How to complete this task: Restate word for word the lines of the entries below, starting with the line that holds "Funny Scared Cartoon" and ending with the line that holds "Crochet Sweater Scarf", and no others.

Items from a dataset:
####################
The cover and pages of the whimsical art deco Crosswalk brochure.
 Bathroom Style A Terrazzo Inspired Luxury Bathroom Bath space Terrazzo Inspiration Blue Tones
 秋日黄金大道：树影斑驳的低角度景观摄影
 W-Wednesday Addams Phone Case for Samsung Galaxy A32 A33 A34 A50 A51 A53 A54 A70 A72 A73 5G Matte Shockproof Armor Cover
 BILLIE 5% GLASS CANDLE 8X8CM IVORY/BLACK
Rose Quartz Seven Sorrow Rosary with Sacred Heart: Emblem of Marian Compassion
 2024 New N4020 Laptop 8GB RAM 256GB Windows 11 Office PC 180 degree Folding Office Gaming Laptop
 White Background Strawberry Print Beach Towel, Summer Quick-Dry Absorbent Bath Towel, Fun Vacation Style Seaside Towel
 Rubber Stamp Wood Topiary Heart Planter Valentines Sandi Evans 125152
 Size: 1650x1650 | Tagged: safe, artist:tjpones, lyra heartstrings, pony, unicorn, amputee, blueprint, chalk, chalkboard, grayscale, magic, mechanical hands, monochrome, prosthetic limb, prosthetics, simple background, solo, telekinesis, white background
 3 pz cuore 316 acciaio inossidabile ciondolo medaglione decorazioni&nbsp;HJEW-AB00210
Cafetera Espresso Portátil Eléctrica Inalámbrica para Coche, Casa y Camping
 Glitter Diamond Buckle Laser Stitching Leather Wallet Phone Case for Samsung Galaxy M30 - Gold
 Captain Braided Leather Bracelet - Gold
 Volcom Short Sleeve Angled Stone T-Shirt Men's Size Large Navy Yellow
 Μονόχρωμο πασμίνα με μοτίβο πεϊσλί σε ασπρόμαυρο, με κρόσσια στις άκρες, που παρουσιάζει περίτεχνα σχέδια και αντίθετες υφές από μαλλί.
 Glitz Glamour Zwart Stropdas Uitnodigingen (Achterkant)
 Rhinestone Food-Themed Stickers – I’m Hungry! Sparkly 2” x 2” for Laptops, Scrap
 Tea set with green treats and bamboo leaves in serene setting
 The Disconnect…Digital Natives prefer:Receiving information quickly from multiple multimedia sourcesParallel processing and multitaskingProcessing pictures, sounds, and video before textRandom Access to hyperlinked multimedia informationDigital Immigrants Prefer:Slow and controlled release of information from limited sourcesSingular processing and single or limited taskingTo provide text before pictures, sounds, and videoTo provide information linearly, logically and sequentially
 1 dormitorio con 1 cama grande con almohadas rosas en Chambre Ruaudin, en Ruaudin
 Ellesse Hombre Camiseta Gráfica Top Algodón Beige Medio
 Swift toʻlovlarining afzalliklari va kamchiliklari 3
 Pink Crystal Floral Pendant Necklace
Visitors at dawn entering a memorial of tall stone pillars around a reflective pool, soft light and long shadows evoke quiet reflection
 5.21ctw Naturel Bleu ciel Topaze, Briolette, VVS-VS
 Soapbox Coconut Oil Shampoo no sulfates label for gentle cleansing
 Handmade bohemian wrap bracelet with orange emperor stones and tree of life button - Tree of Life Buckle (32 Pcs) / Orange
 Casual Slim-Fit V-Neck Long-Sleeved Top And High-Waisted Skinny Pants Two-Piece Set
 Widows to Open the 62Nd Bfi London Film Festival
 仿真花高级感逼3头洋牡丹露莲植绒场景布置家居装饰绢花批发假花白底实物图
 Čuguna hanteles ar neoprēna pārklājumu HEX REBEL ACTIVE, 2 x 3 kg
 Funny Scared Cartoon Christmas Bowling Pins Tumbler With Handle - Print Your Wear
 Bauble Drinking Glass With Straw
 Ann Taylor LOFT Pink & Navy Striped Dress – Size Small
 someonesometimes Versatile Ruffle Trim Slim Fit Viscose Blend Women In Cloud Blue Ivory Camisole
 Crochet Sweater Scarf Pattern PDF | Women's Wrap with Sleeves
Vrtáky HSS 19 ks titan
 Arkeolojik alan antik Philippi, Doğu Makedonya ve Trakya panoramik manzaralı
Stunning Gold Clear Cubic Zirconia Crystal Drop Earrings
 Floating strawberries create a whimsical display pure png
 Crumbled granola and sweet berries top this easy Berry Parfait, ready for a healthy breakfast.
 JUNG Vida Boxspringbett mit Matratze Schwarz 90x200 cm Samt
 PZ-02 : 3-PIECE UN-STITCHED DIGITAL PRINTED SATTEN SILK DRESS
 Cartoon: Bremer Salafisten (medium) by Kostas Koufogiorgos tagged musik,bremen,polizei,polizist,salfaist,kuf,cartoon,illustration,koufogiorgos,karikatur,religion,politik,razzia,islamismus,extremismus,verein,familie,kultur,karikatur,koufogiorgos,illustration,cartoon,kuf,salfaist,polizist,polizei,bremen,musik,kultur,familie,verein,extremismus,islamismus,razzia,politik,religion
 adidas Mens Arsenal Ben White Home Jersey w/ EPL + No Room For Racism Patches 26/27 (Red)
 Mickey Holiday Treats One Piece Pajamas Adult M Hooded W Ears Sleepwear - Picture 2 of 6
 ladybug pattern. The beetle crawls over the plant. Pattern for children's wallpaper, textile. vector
####################
Answer below:
 Funny Scared Cartoon Christmas Bowling Pins Tumbler With Handle - Print Your Wear
 Bauble Drinking Glass With Straw
 Ann Taylor LOFT Pink & Navy Striped Dress – Size Small
 someonesometimes Versatile Ruffle Trim Slim Fit Viscose Blend Women In Cloud Blue Ivory Camisole
 Crochet Sweater Scarf Pattern PDF | Women's Wrap with Sleeves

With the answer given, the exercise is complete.